Life hasn't turned out quite the way I imagined it would. My work is satisfying and I thank God every day for my three healthy, bright, creative, funny sons. But sometimes I find myself apologizing that I don't have more to show for all these years. I have felt ashamed of my simple home, my modest income, my aging face and body, embarrassed that I can't play the "Minute Waltz" on the piano in less than a minute, a failure because I am single.

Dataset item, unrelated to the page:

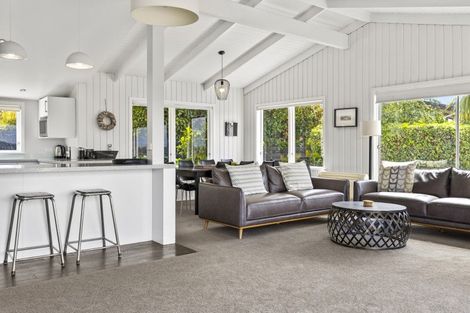 Photo of property in 6 Scenic Heights, Acacia Bay, Taupo, 3330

There is a Rascal Flatts song with the lyrics, "There comes a time in everyone's life when all you can see are the years passing by, and I have made up my mind that those days are gone." This is my new motto. From this moment forward, I feel pride in my past accomplishments while feeding my dreams for the future. I may not post a sign on the garage, but I will never again apologize for my age. I don't feel 51, whatever that means; I will take care of what I have, and if someone finds me unacceptable because I am not successful or attractive - or simply young - enough, then it is his loss.

I can hardly believe it myself, but I am happy to be 51. As a wise man once said, "I'm not dead yet!"

Thursday, August 5, 2010

Expecting the Best

My blog post 100 Things generated a lot of response - comments posted directly to the blog and on Facebook and a handful of emails. One very sweet fellow even went through the list and explained, point by point, how well he satisfies my criteria.

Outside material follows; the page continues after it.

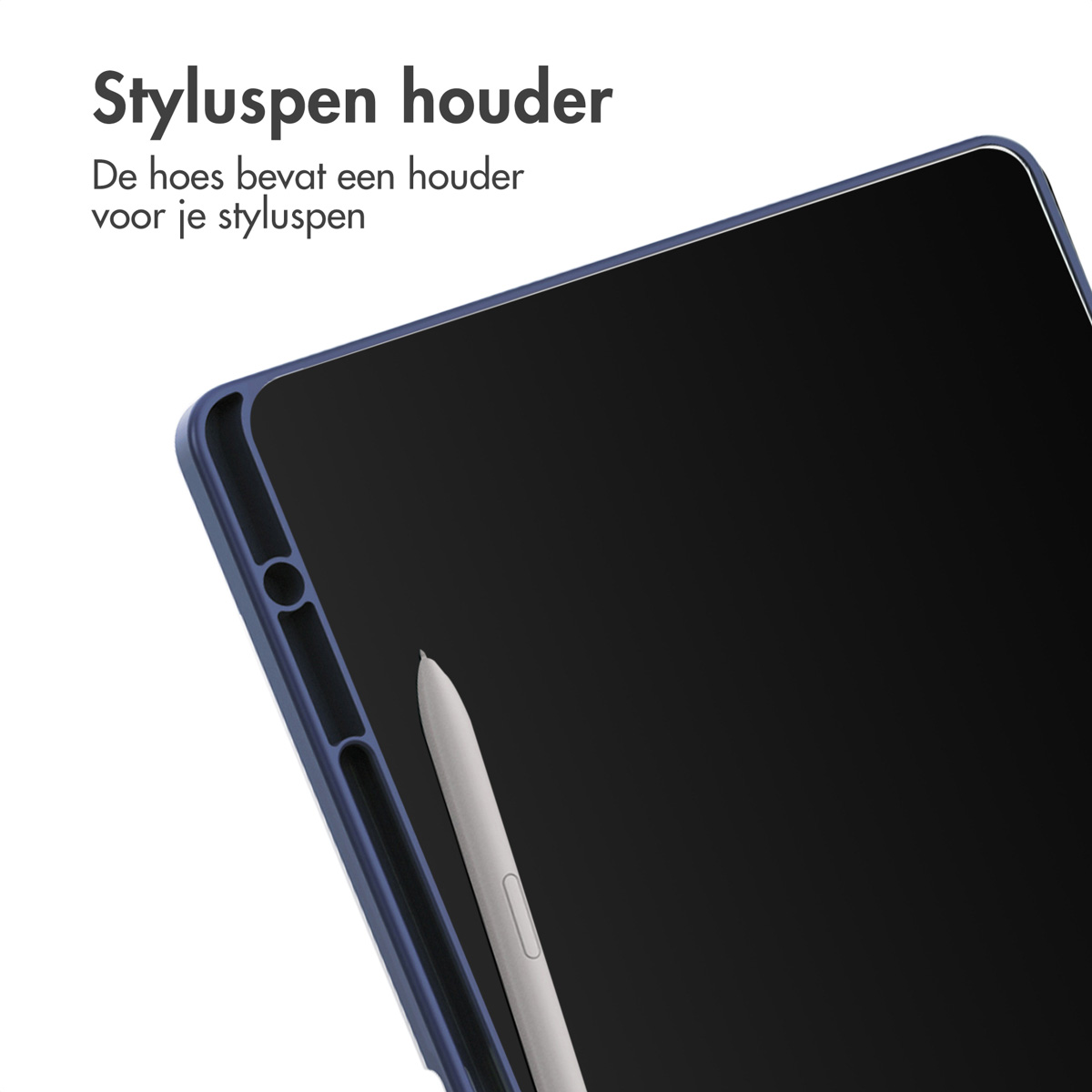 Donkerblauwe tablethoes met stylusgleuf, stylus geplaatst. Tekst: Stylushouder. De hoes heeft een houder.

Unfortunately, he also lives about seven hundred miles away. But it was cause for hope. Maybe all the good guys really AREN'T already taken.

And a couple of themes emerged.

Most everybody agreed that even though the "ideal man" doesn't exist, it is good that I have given some thought to what he might look like. However, while some felt that my list was right on the mark; others believe I am aiming too high.

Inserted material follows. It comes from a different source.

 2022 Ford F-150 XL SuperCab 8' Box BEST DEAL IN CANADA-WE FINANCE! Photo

I concur with Tami's conclusion: "You have to dream big in order to get big things out of life." I have settled for too little for too long. Those days are gone. It's about time I get what I deserve.

A few people felt compelled to point out to me that men likewise have desires and expectations, and that I will play an important role in the success or failure of future relationships. A male friend expressed it this way: "Relationships are not 50/50; they are 90/10... In other words, if your partner can only give you at best an equal relationship it will never work. Period. They have to know you, understand you, magically be able to tell that you need more of them than just 'enough.' And you must do the same in return."

I'm not sure that I agree with his statistics, although I think I see his point. But my experience has been that I am the person giving the 90 percent to the relationship about 90 percent of the time. It is possible to feel more alone WITH someone than single. Again, I am determined not to repeat the mistakes of the past.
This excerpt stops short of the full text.